While Americans give thanks for the American way of life over their Thanksgiving turkey, the bird itself is tampering with the traditions of Yankee business profits and the basic tenets of supply, demand and prices.

Since last Thanksgiving, the cost of hatching, growing and slaughtering turkey has dropped sharply. At the same time, the wholesale price of the bird -- the price at which producers sell to supermarkets -- has been increasing. But that doesn't translate into higher prices at the supermarket.

Let's talk turkey. Wholesale turkey prices bear scant relationship to the production costs associated with the bird, poultry executives say. In some years, producers have to sell their flocks for less than it costs to grow them because of lagging demand for the birds.

"What it costs to produce a turkey does not necessarily reflect trends in retail value," said Lew Walts, executive vice president of the National Turkey Federation. "We have no government programs, like other areas of agriculture. We have to slug it out in the marketplace."

But when it comes to turkey, the laws of the marketplace extend only so far. Retailers throw the whole game awry by engaging in what's known in the industry as "loss-leading." In essence, these grocers lose money on every turkey they sell, hoping to make up the loss by selling cranberries, pumpkin pie and all the trimmings.

Because of this marketing technique, Americans will probably pay about the same price to buy their Thanksgiving turkeys this year as they did last holiday, industry executives say. In the Washington area, prices for most frozen and fresh turkeys at supermarkets range from as low as 79 cents per pound to $1.09 per pound, according to advertising placed by local chains.

"Its just really tough to predict prices on the retail level," said Richard Moyers, an official with the Virginia Poultry Association. He said that turkeys are used so often as a loss-leader, the predictions based on supply and demand really don't work out.

"I really don't know why they do it, because Thanksgiving is a turkey-eating day," said Walts. "They are willing to take a loss on the turkeys to bring customers into the stores." He said that in some areas of the country, stores are even discounting turkeys down to 59 cents a pound if customers agree to buy a certain amount of other groceries in their trip to the store.
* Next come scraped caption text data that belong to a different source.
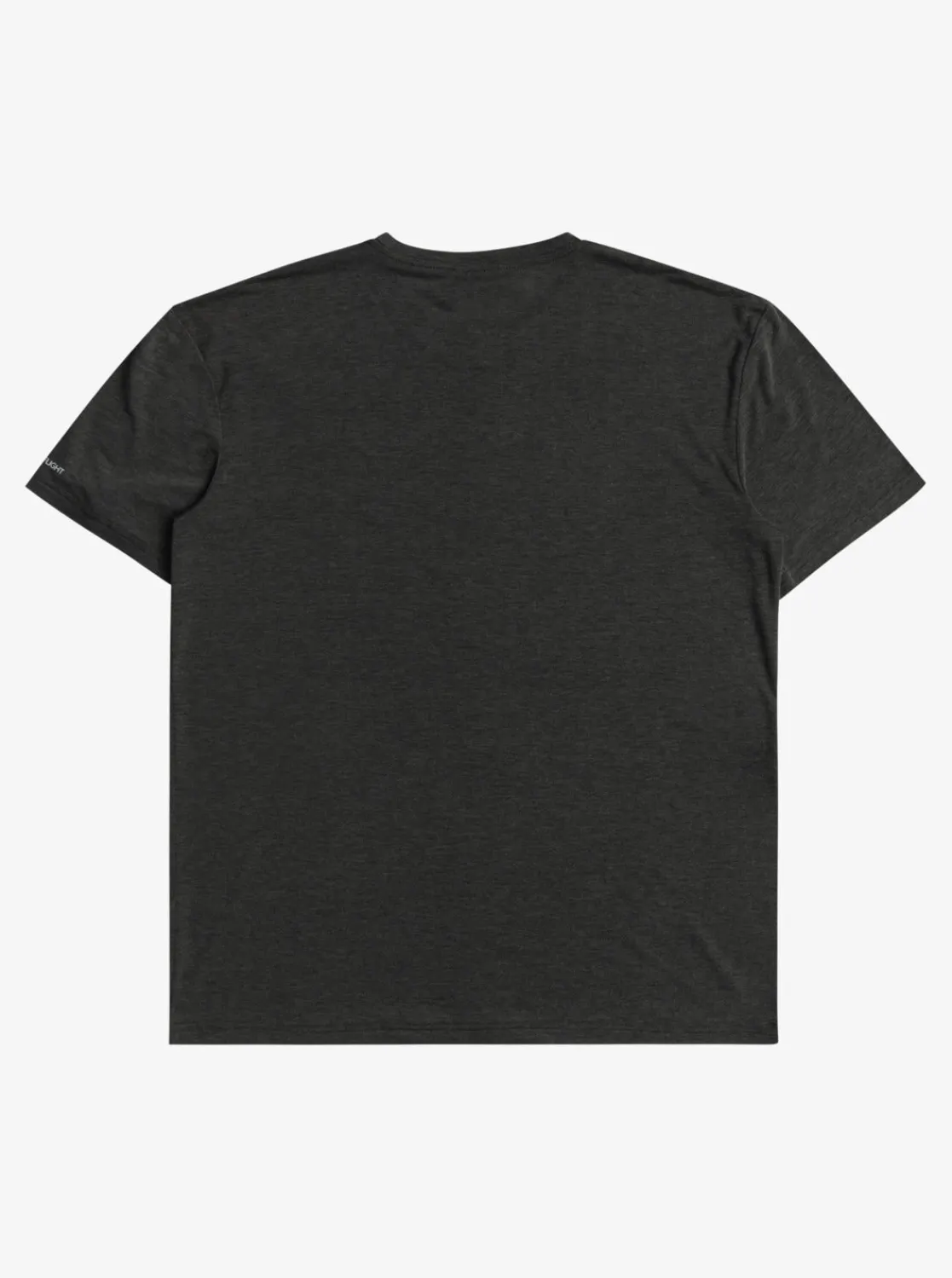 Quiksilver Tees>Coastal Run T-Shirt BLACKHEATHER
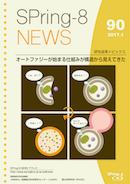 SPring-8 NEWS No.90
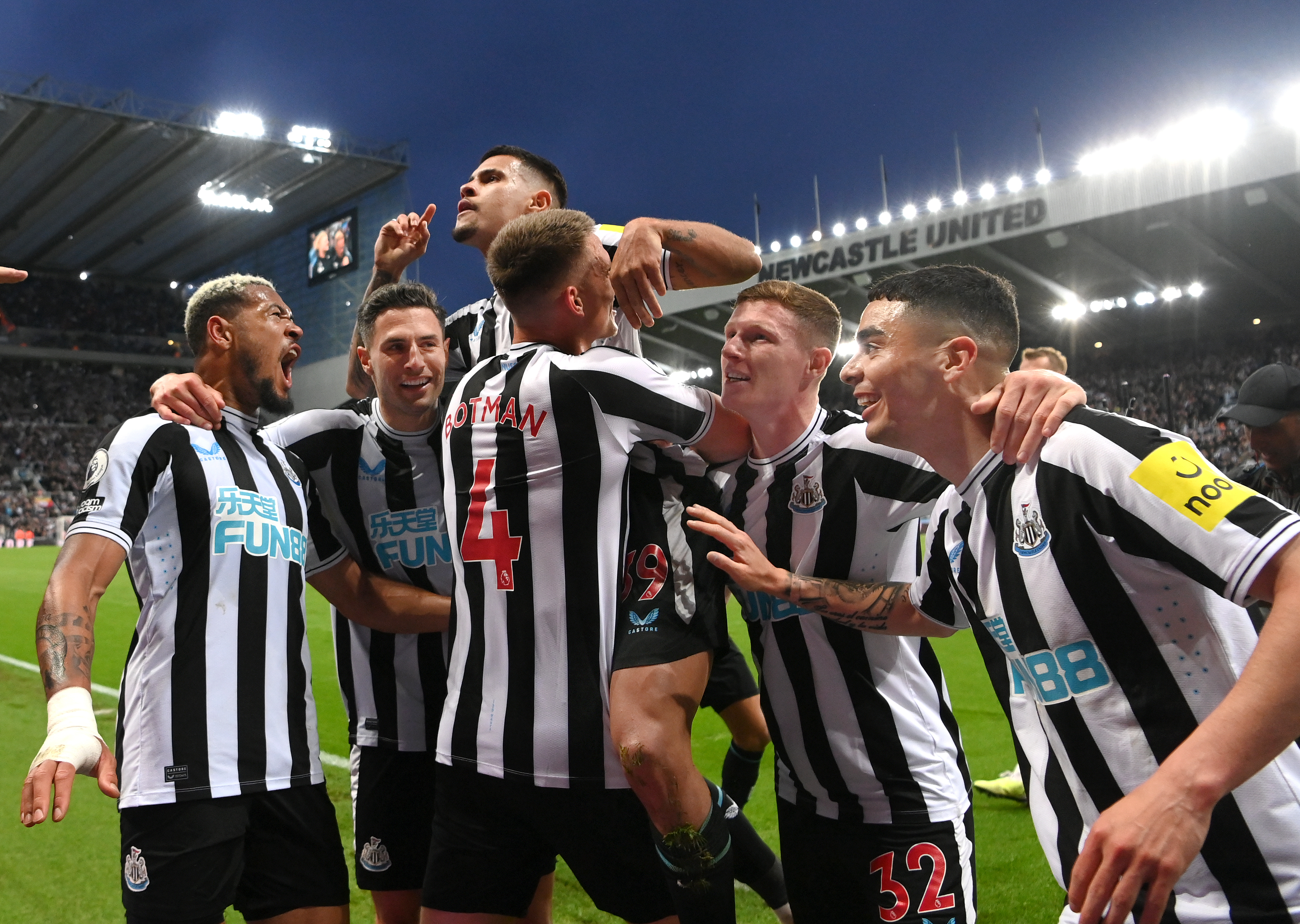 Newcastle Past & Present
With the wholesale price of these birds at about 92 to 94 cents-per-pound -- up from about 79 cents last year, according to Department of Agriculture figures -- retailers are taking a financial drubbing for their marketing gimmicks.

"I don't think there's anyone making any money on the price of turkey," said Ernie Moore, local spokesman for Safeway.

But while the retailers make their Thanksgiving profits on goods besides turkeys, turkey producers will be giving special thanks tomorrow for an unusually strong year. After two years of sagging profits in 1982 and 1983, the turkey industry expects a second consecutive banner year in 1985 because the turkey harvest is up and the cost of growing gobblers is down, thanks to lower grain prices.

Profit figures are not available for the entire industry, but Walts said producers enjoyed a $2.25 billion gross dollar volume in 1984, a figure he said should increase this year because of increased production of turkeys. More than 180 million turkeys are expected to be produced this year, a 5 percent increase from 171 million last year, according to Agriculture figures.

If tampering with the law of supply and demand is not enough, turkeys are being used for another slight of hand. Part of the reason demand is rising, producers say, is that companies are increasingly cutting up their turkeys and putting the pieces into other products, such as bologna or hotdogs.

"You take turkey, and with seasoning, you can duplicate just about any flavor you want," said Taylor Grizzard, an official with Wampler-Longacre Inc., a producer in Rockingham County, Va. He acknowledged that companies stick to the basics during holiday time: "It'll be a long time before people go away from the thought of having a whole bird gracing the table at Thanksgiving."